Bug 683104

Summary: fsck.gfs2 only rebuilds one missing journal at a time
Product: Red Hat Enterprise Linux 6 Reporter: Nate Straz <nstraz>
Component: clusterAssignee: Robert Peterson <rpeterso>
Status: CLOSED ERRATA QA Contact: Cluster QE <mspqa-list>
Severity: low Docs Contact:
Priority: low    
Version: 6.1CC: ccaulfie, cluster-maint, fdinitto, lhh, rpeterso, swhiteho, teigland
Target Milestone: rc   
Target Release: ---   
Hardware: All   
OS: Linux   
Whiteboard:
Fixed In Version: cluster-3.0.12.1-4.el6 Doc Type: Bug Fix
Doc Text:
Prior to this patch, the fsck.gfs2 program used the number of entries in the journal index to look for missing journals. As a result, if more than one journal was missing, they were not all rebuilt and subsequent runs of fsck.gfs2 were needed to recover all the journals. Since each node needs its own journal, code was added to fsck.gfs2 to use the "per_node" system directory to determine the correct number of journals to repair. As a result, fsck.gfs2 now repairs all the journals in one run.
Story Points: ---
Clone Of: 622576 Environment:
Last Closed: 2011-12-06 14:51:03 UTC Type: ---
Regression: --- Mount Type: ---
Documentation: --- CRM:
Verified Versions: Category: ---
oVirt Team: --- RHEL 7.3 requirements from Atomic Host:
Cloudforms Team: --- Target Upstream Version:
Embargoed:
Attachments:
Description Flags
Untested patch
none
Patch that works properly
none
Better patch none

Description Nate Straz 2011-03-08 15:12:51 UTC
+++ This bug was initially created as a clone of Bug #622576 +++

* removing multiple journals in the middle

  If I have a file system with five journals and I remove the middle three, fsck.gfs2 will only recreate one journal at a time.  I have to run fsck.gfs2 three times to get the journals all back.  This seems like a bug that should be fixed.

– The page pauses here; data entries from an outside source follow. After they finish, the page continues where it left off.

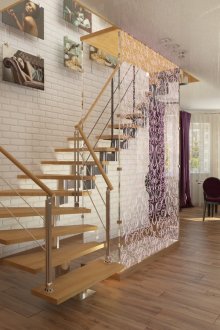 Nydelig svingende trapp i en tosidig leilighet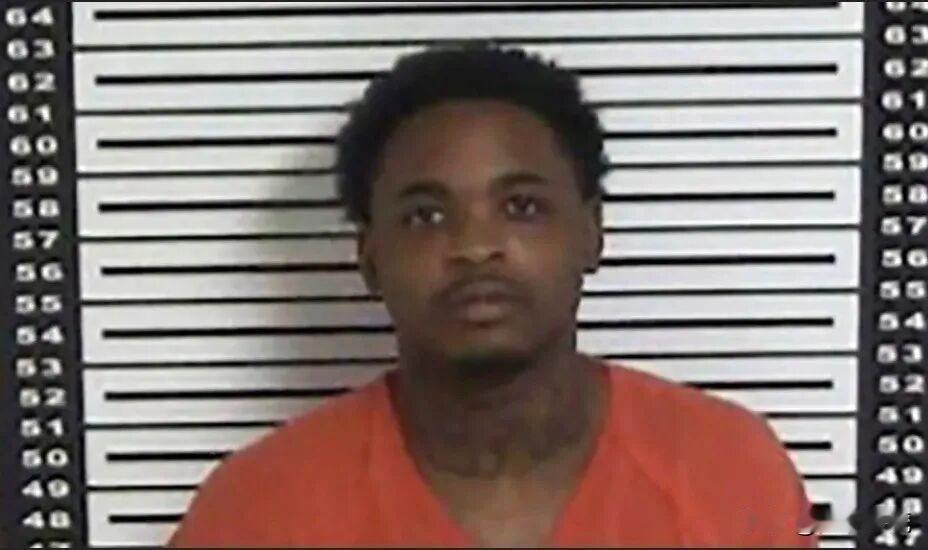 美国监狱上演现实版“肖申克的救赎”近日，美国路易斯安那州圣兰德里监狱的三名囚犯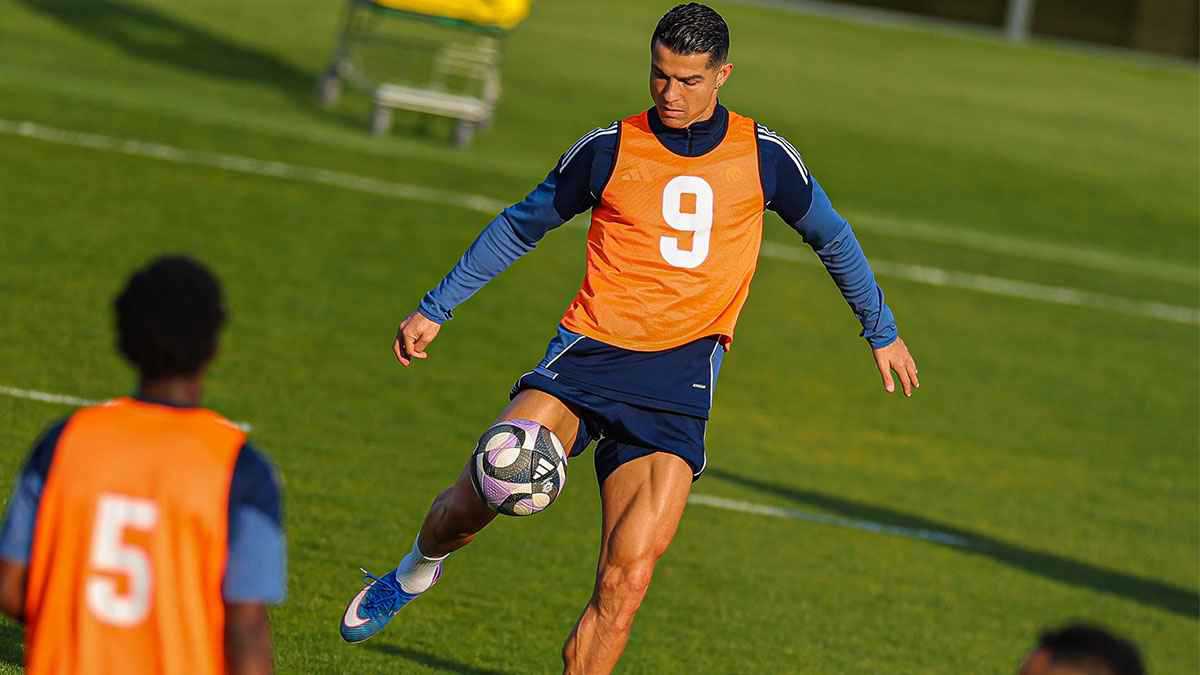 سيعود أسرع.. ما هو علاج "ضغط الهواء" الذي أنقذ كريستيانو رونالدو؟ 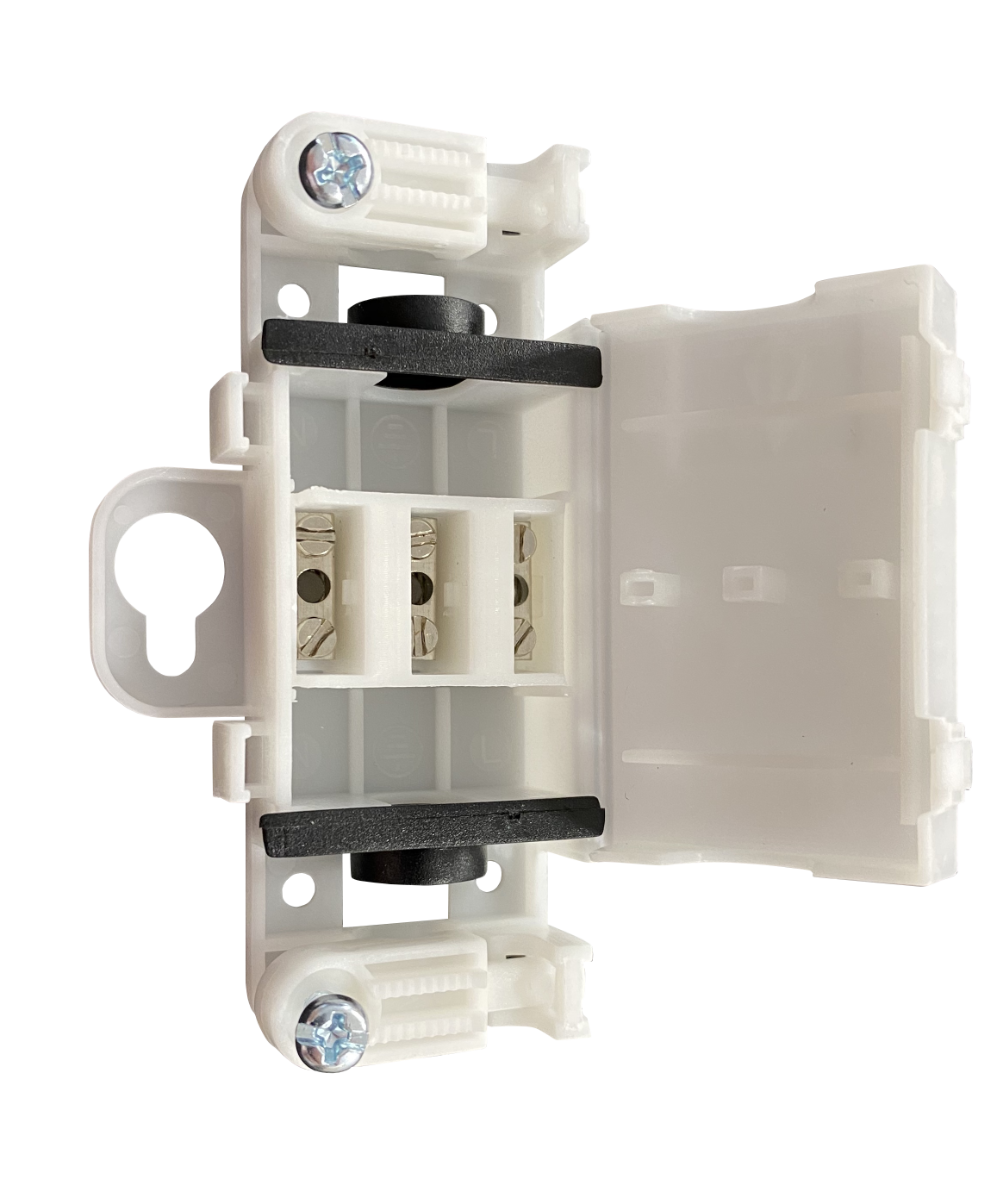 connection box 17.5A 250V and the max size for wire is 1.55MM2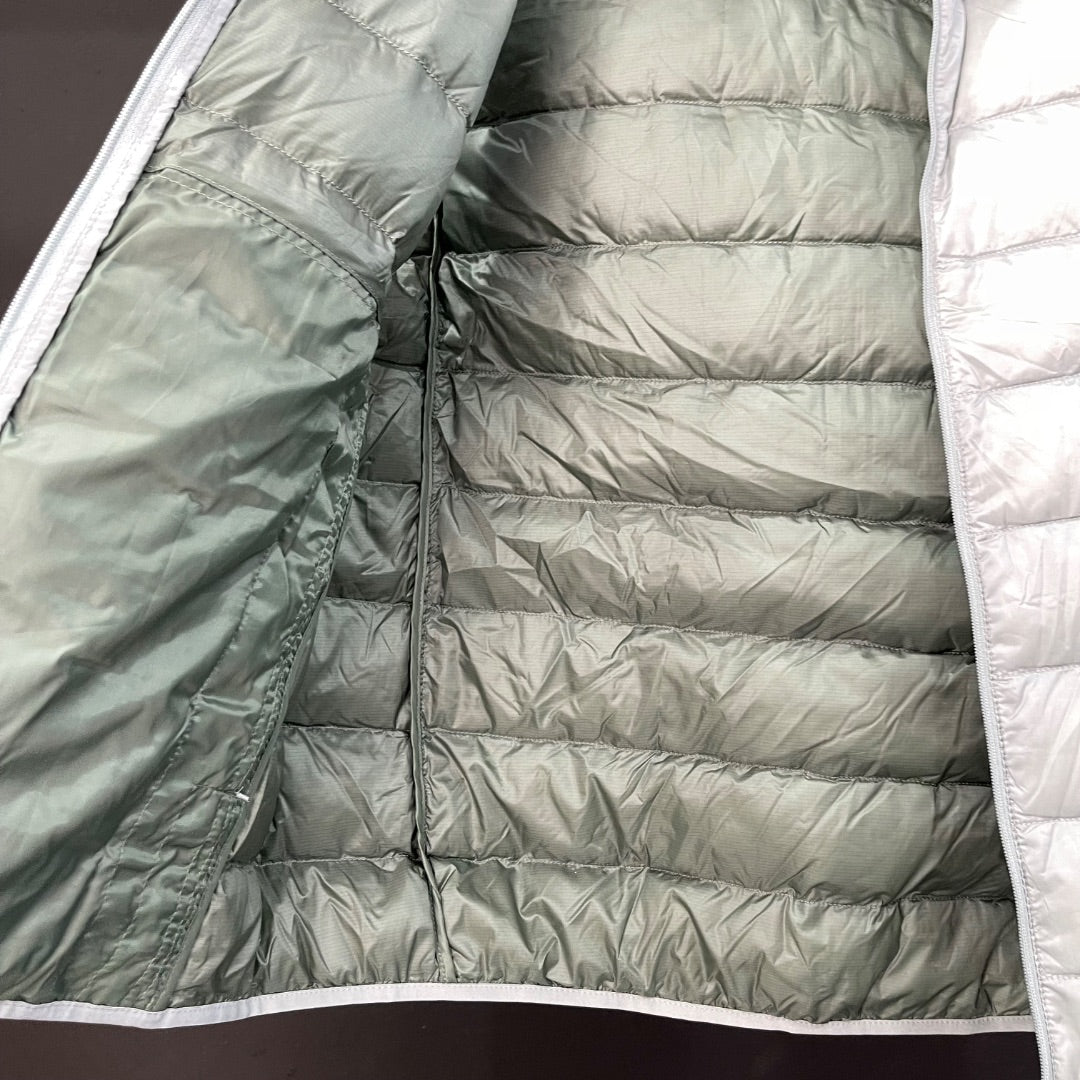 UNIQLO Chaleco Corto Verde Talle S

--- Additional comment from rpeterso on 2011-03-07 08:50:43 EST ---

In answer to comment #11:
fsck.gfs2 should probably recover multiple journals.  Do you
have output I can look at from this scenario where it didn't?
I'd just like to double-check that it didn't act up.

--- Additional comment from nstraz on 2011-03-07 10:51:57 EST ---

Created attachment 482716 [details]
fsck.gfs2 log while rebuilding journals

Attached is the complete output of fsck.gfs2 while I run it until all of the journals are rebuilt.

The interesting parts are probably these lines:

Initializing fsck
File system journal "journal1" is missing: pass1 will try to recreate it.

Journal recovery complete.
Validating Resource Group index.
Level 1 rgrp check: Checking if all rgrp and rindex values are good.
(level 1 passed)
Error: resource group 17 (0x11): free space (0) does not match bitmap (3)
(3 blocks were reclaimed)
The rgrp was fixed.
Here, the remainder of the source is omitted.